La proposition de Sarkozy permet, en premier lieu, de diviser les salariés entre eux. Il veut faire passer l’idée que ceux qui ne gagnent pas assez sont ceux qui ne veulent pas travailler beaucoup. Selon le ministère du Travail, 37 % des salariés font des heures supplémentaires : 63 % n’en font donc pas. Refuser d’augmenter les salaires de tous les salariés, en se contentant de favoriser l’amélioration des salaires par les heures supplémentaires, réduira, en fait, les salaires de tous ceux qui ne feront pas d’heures supplémentaires, à savoir la majorité des salariés.

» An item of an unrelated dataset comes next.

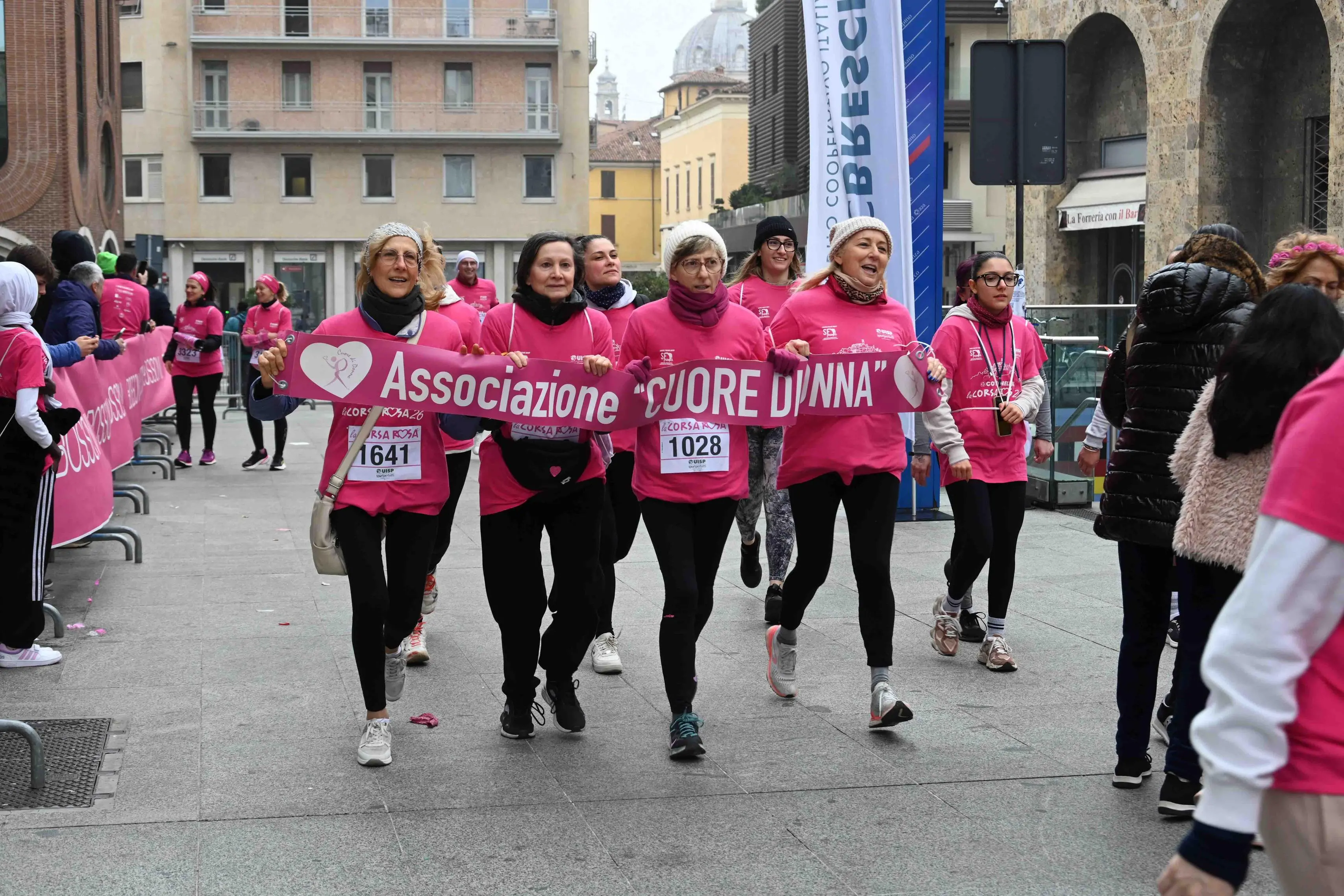 CRONACA BRESCIA PIAZZA VITTORIA PARTENZA CORSA ROSA PER SANDRINI 01-03-2026 MARCO ORTOGNI /GIOVANNI BENINI NEW EDEN GROUP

Pour avoir le choix de gagner plus en travaillant plus, il faut pouvoir travailler plus. Or, chacun sait que les salariés n’ont pas le choix : seul l’employeur décide de qui effectue des heures supplémentaires et dans quelles conditions. Certains salariés pourraient peut-être envisager de travailler des heures supplémentaires et de gagner plus, si les patrons le décidaient et estimaient en retirer un avantage. Les patrons mettront en place des heures supplémentaires quand ils en auront besoin et qu’ils n’auront rien trouvé de plus économique que les heures sup’ façon Sarkozy, parce qu’il y a encore moins cher que les heures détaxées : les heures non payées. Sarkozy le sait bien, ayant sollicité la police à l’extrême et oublié de payer les policiers : entre 5 et 7 millions d’heures supplémentaires n’auraient pas encore été payées... Dans beaucoup de secteurs - transports, hôtellerie, bâtiment, commerce, associations, animation -, le non-paiement des heures supplémentaires est monnaie courante. Il s’explique par toute sorte de motifs : chantage à l’emploi (« si tu n’es pas content tu t’en vas ») ; « coutumes », qui font que, dans l’animation par exemple, une journée puisse être payée au forfait (40 ou 50 euros), ou que, dans le commerce artisanal, un boucher travaille toujours de onze à douze heures par jour ; organisation du travail (le temps de décompte des caisses, l’entretien des camions, etc.) ; fraude (le paiement des heures supplémentaires en primes forfaitisées à un taux inférieur au Smic).
Flexibilité
Ensuite, les patrons ont déjà les moyens d’éviter de recourir aux heures supplémentaires, grâce à la flexibilité introduite par les accords « d’aménagement et de réduction du temps de travail » des lois sur les 35 heures. Avant cette annualisation, quand il y avait beaucoup de boulot, les heures effectuées étaient payées en heures supplémentaires. Lorsqu’il y en avait moins, on travaillait moins dur. Ce temps-là est révolu : aujourd’hui, quand il y a moins de travail, on travaille moins de 35 heures, et quand il y en a plus, on travaille plus, mais ces heures ne sont pas payées en heures supplémentaires, puisqu’elles ne font que « récupérer » les heures non travaillées pendant les périodes creuses. Quand le système permet par exemple des semaines « hautes » à 46 heures et que le patron « avance » des dizaines de journées quand il n’y a pas de travail, il n’existe plus d’heures supplémentaires.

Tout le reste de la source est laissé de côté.